If “300” consisted of less oily men and pretentious theatrics, it would spawn a smarter blockbuster that is “Wonder Woman.”
Princess Diana of the Amazons must venture from her homeland of Themyscira in order to defeat an unspeakable evil that may have influenced the war to end all wars: World War I.
A great thing about the lore of Wonder Woman is how deeply rooted it is in Greek mythology, something that has been very accessible and engaging throughout all mediums.
However, this tale of destiny and finding one’s place in the world mingles incredibly well into a point in time where humanity was at their wit’s end.
After three films of spectacle and sloppiness, the DC film universe has nailed the script that not only conveyed the warrior’s dance, but also their voice.
Gal Gadot starts the titular role, and practically carried the film with a great range and with complete respect of the character.
Gadot alone did not save the film.
Her love interest pilot, played by Chris Pine, made an admirable sidekick that created a romantic chemistry without feeling dragged out in the rest of the story.
The journey of the film felt more poignant than the results, and as the premise served up a rather hard fact on war in general, it did so to create an exciting origin story.
One thing that might have disappointed filmgoers is that although advertised as a high-octane action bonanza, there is plenty more dialogue that is only broken apart by a few fight scenes.

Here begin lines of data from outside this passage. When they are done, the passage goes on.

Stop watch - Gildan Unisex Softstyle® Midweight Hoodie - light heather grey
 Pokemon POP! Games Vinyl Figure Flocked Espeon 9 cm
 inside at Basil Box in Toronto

What felt so genuine about this hero is although almost godlike in power, their values and perspective in helping others is what made them human.
Basically, this film is exactly what the more inconsistent “Man of Steel” should have been.
On top of that, Diana’s understanding of the world of man also peppered some very well-timed and comedic energy that really added to her personality.
Of all the good the film provided, there were a few loose ends courtesy of the superhero film genre.
Some of the CGI still needed some time to adjust to the eyes, as Diana punched German soldiers through buildings as if they were made of rubber.
The antagonist was more or less interesting, but underused. The third act also suffered from the typical final fight that felt rushed, considering how several plot points that led to the fight felt predictable.
Aside the flaws, “Wonder Woman” reached Marvel’s level of storytelling, and Patty Jenkins’ direction of the film really allowed for the soul and strength of the Amazonian warrior to really shine on the big screen.